By 1985, both the Cosmos and the NASL were dead. Franchises found it impossible to remain solvent in an environment where revenue was scarce and interest in their product was minimal. An attempt to win the 1986 World Cup was an attempt to provide life support to the flagging North American interest in soccer, but this, like so many other schemes, failed.

Yet this is not the end of soccer’s story in New York. The year before America hosted the 1994 World Cup saw the launch of the MLS (Major League Soccer) and, of course, New York City had a representative franchise in the inaugural season: the New York/New Jersey MetroStars. In 1998, the team was renamed the Metrostars and, more recently, the New York Red Bulls, after its acquisition by Red Bull GmbH. Like the Cosmos, the Metrostars were managed, for a period, by Eddie Fermani, played in the Giants Stadium, and were owned first by a television mogul and then by a sports entertainment giant. The MLS franchises benefited, of course, from the legacy of the NASL. There was now a generation exposed to soccer to whom the league could appeal. Furthermore, grass roots development meant that there were far more home grown professionals turning out for teams. This is not to say that there are no similarities between the MLS and NASL. Increasingly, star players are arriving in the MLS; David Beckham being the most obvious example.
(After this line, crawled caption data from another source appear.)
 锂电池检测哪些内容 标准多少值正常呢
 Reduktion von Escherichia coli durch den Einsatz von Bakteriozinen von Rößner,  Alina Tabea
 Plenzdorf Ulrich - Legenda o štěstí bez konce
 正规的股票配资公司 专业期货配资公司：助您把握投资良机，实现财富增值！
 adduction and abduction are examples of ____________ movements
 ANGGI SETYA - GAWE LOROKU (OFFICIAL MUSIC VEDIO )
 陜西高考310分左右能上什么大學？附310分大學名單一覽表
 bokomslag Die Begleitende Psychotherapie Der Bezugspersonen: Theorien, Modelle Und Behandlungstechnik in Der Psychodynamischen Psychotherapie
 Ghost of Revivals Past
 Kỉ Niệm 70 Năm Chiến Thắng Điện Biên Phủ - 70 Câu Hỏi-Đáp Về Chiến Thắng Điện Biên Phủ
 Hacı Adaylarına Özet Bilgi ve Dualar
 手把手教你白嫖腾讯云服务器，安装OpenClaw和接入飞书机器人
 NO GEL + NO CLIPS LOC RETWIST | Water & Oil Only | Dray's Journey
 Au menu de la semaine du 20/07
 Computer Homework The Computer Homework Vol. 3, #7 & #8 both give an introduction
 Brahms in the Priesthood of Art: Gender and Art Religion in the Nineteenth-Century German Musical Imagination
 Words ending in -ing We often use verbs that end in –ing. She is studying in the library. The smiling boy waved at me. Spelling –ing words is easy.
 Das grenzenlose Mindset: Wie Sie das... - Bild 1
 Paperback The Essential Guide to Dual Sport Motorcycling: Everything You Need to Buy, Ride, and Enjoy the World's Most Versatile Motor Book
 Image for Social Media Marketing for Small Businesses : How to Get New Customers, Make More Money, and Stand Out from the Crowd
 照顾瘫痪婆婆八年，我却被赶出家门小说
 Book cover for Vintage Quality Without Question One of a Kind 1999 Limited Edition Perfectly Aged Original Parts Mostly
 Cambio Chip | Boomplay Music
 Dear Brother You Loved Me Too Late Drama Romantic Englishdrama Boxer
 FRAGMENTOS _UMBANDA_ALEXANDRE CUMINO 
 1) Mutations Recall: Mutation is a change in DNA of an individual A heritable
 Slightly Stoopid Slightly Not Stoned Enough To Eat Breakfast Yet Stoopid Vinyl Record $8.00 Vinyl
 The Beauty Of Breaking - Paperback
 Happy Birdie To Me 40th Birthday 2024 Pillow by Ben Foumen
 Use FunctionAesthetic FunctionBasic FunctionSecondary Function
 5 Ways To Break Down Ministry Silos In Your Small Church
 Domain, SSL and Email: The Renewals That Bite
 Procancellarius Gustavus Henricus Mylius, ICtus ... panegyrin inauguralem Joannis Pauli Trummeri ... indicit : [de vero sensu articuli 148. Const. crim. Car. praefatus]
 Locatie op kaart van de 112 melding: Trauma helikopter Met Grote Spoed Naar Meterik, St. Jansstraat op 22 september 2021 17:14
The Red Bulls too boast (designated) players such as Thierry Henry, Rafa Marquez and versatile Finn Teemu Tainio and have previously had names such as Djorkaeff and Donadoni on their books. In 2009, the team moved from the Giants Stadium to the Red Bull Arena, a 25,000 seat stadium, where attendances are currently respectable if not outstanding. There are also two 3rd division (USL) teams in New York City: the Rochester Raging Rhinos and F.C. New York.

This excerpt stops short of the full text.